I also enjoy talking with deputy chief of staff Joel Kaplan and deputy national security adviser Jim Jeffrey -- I wouldn't be surprised if Joel is one day a cabinet officer or a CEO somewhere. He has an interesting life story -- he joined the Marines after graduating from Harvard, then became a lawyer and is basically the top aide to Chief of Staff Josh Bolten.

Of course, Joel and others I mention are extremely discreet, so it's not like anyone is really dishing on the president! You need to look elsewhere for that.

That sounds like a really fun and playful circle of friends -- just a great, great group of people -- and Abramowitz seems to derive much satisfaction from being able to be a part of it. Only a curmudgeon -- or some shrill, angry Leftist type that just doesn't understand How Journalism Works -- would begrudge Abramowitz his fun.

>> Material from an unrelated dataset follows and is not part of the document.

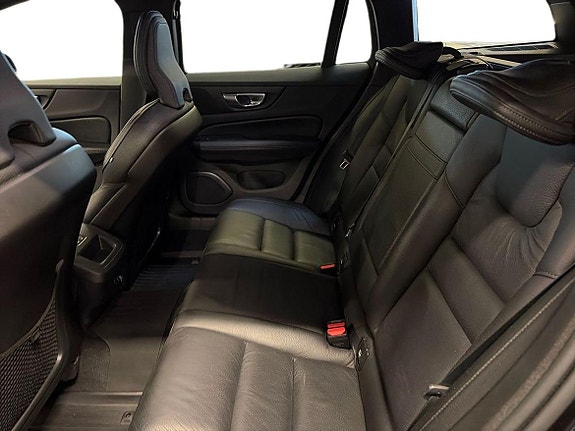 Volvo V60 8 of 11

But, in theory at least, White House press officials are the principal impediments to a White House reporter's being able to do his job. The core function of the White House press officials with whom Abramowitz loves to "hang out" and of whom he is obviously so fond is to manipulate his reporting in favor of the White House, to conceal or distort facts that are incriminating of the President, to disseminate narratives that promote the Government's goals. That's true in general, and particularly so for the most secretive and manipulative White House in modern American history. For that reason, healthy "watchdog" journalism would dictate that such officials are viewed with suspicion, that the relationship would be far more adversarial than affectionate, that reporters would speak of such officials dispassionately rather than gushing with the kind of personal praise one generally reserves for one's dearest friends and closest colleagues.

That's not to say that reporters need to despise every government official with whom they interact. There's nothing wrong per se with civil interaction, even with those over whom one is supposed to be exerting adversarial scrutiny. Good relationships with government sources can assist a reporter in obtaining otherwise unavailable information that the Government wants to conceal. But Abramowitz, after hailing these White House press officials as good friends, then goes out of his way to emphasize, admiringly, how "extremely discreet" they are, how they don't actually give him any information about the President that they're not authorized or directed to give him. They're simply propaganda agents -- loyal and faithful ones -- and Abramowitz loves them for that and loves to "hang out" with them.

The reason why this mentality matters is reflected in a question that was asked thereafter of Abramowitz, presumably by a reader here who, in essence, copied verbatim a paragraph I wrote on Monday [2] about The Washington Post's mindless, ongoing, government-subservient reporting in the anthrax case:

New York: When reading The Post's coverage of the Bruce Ivins anthrax investigation, it occurs to me that The Post's role has been and continues to be what the establishment media's role generally is -- to serve government sources and amplify their claims, not to investigate their veracity. That's how it was when Saddam Hussein who was the original anthrax culprit, followed by Steven Hatfill, and now Bruce Ivins. It's how Jessica Lynch heroically fought off Iraqi goons in a firefight, how Pat Tillman stood down al-Qaeda monsters until they murdered him, how Iraq possessed mountains of WMD, and now, how Russia has assaulted the consensus values of the Western World by invading a sovereign country and occupying parts of it for a whole week, etc., etc.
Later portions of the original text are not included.